If you met a 20-year-old person what would you say to him or her?
Enjoy five years of being lost.
Anything in your life you would have done differently?
[Huge pause] Yeah, not getting in trouble with the law as a teenager…
A realization that learning was not as important to me as practicing what I had already learnt.
Any famous quotes that you live by… (some people do, some people don’t).
Well . . . one of mine. ‘If you ever have a panic attack at night go outside, look at the stars and realise that intergalactically your problem is insignificant, don’t worry about it.’
If you hosted a dinner party, who (alive or dead) would you invite?
The people who have helped me attain the stature I have today and get to enjoy; the people who make me laugh the most, and the ones that asked nothing and gave everything.
Do you ever repair the delicate, overworn PR garments?

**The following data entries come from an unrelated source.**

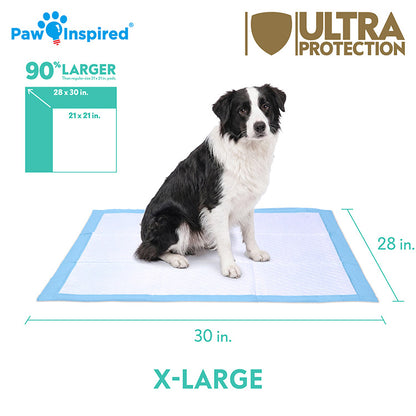 Size guide for the Paw Inspired Ultra Protection Dog Pads, showcasing the X-Large size (28 inches by 30 inches). A Border Collie is used for size reference, and the image indicates it is 90% larger than standard pads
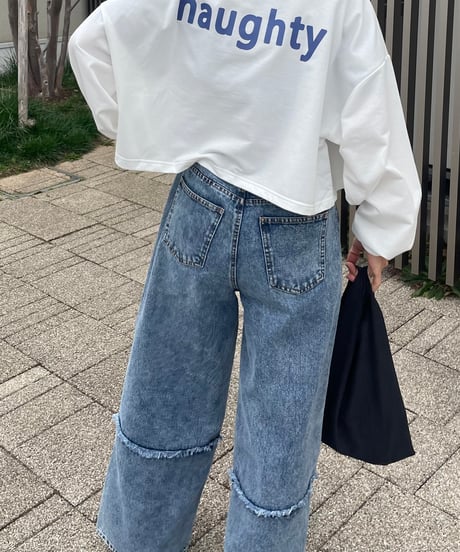 裾切替ワイドデニムパンツ(2size)
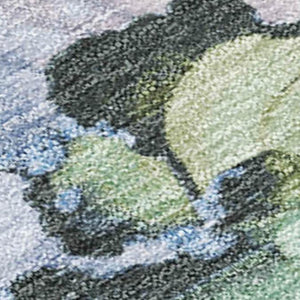 HomeRoots 8' X 10' Artichoke Green & Lavender Abstract Area Rug - Washable, Durable for Indoor/Outdoor Spaces! 620855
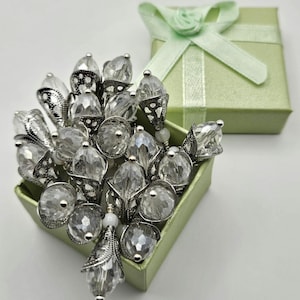 Filagree Earring ~ Free Ship + Gift & GWPs ~ Flower Crystal MOP Mother Of Pearl Shell Team Bridal Shower Birthday Favor CHOOSE 5 or 10 PAIR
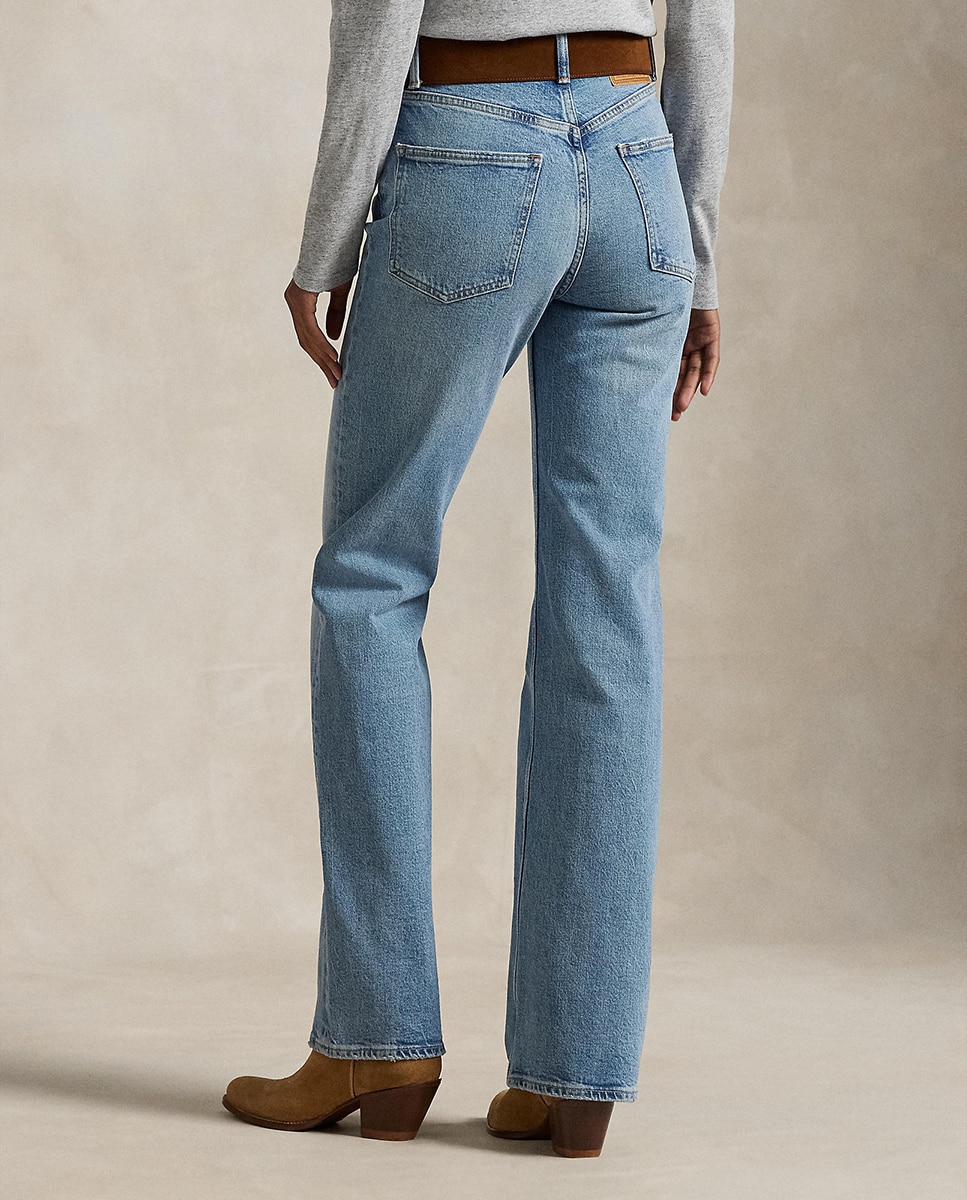 Jeans bootcut de mulher com cinco bolsos Azul-claro-4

One of the greatest editors that I ever had the pleasure of working with, fashion icon Diana Veerland, think (Harper’s Bazaar and Vogue magazine) and her quote which I really value is: “Who expects fashion to last forever?” But yes, clients do come in with an occasional Paul Ropp garment and get this or that seam or collar repaired, and of course we mend it at no cost.
A couple of Russians (with shops in Russia, Ibiza and beyond, are looking to “Paul Ropp” their retail spaces) flit in and out with questions about fabric, orders and deliveries. Noting that we aren’t nearly finishing our conversation the magic word of ‘lunch’ rings out around the showroom. A cue for the Russians to depart stage left and for us to move to Métis, Paul’s go-to place for lunch, it’s either here or Frangipani Café at The Oberoi Bali. PR is all about the lifestyle, quality and service.
We sit and order, and move into the past: an unfortunate childhood with irresponsible parents. At some point he was placed into care. Too young and on the street he did not favour school, and in fact throughout his life he found that whilst learning was secondary in his book, education was key and as a young man he went to as many seminars, services, talks and symposiums as possible to hear some of the original disruptors: Osho, Mukthananda, even Scientology . . . always looking to extrapolate as much as possible. Here he mentions, “Perception is good, but only if you put it into projection”.
I muse . . . see and create, or see to create? He continues on with education and expectations. “Don’t go where they tell you to go, go where you want to go. Go where you want to be, something and someone will find you.”
Moving on up into adult years: after amassing a fortune by single-handedly cornering a huge percentage of the rolling paper market, he took five years off and whilst he got lost, he also lost his fortune. Living the high life, literally.
Bali brought the disruptor slightly back onto the rails and after meeting Susanna Perinni, who then went on to found Bali’s beloved Biasa, he settled down and had a family. He himself started Paul Ropp – “fashion for people who’d prefer to be naked” . . . disrupting the norm yet again.
Moving on through our meal we come to dessert, and I find he no longer disrupts quite as much … he has mellowed, has nothing to prove and in fact now advocates and mediates with his “resolved, dissolved” philosophy. He has become a problem auditor. “Humanity likes to make things complicated, I like to help people find a compromise and then a resolution.” A little social revolution happening right there.
As we wind up the meal, all frightfully healthy as I am on detox and Paul has to mind what he eats, he once again seemingly flips the bird to health and doctor’s orders as the Métis staff place a portion of chocolate profiteroles in front of him. A new, beautifully crafted, chocolate fondant dessert that the manager has asked him to try also appears. If approved it goes on the menu. “Don’t wait for life,” he says, “Go create your own story. Express yourself,” he says, tucking in.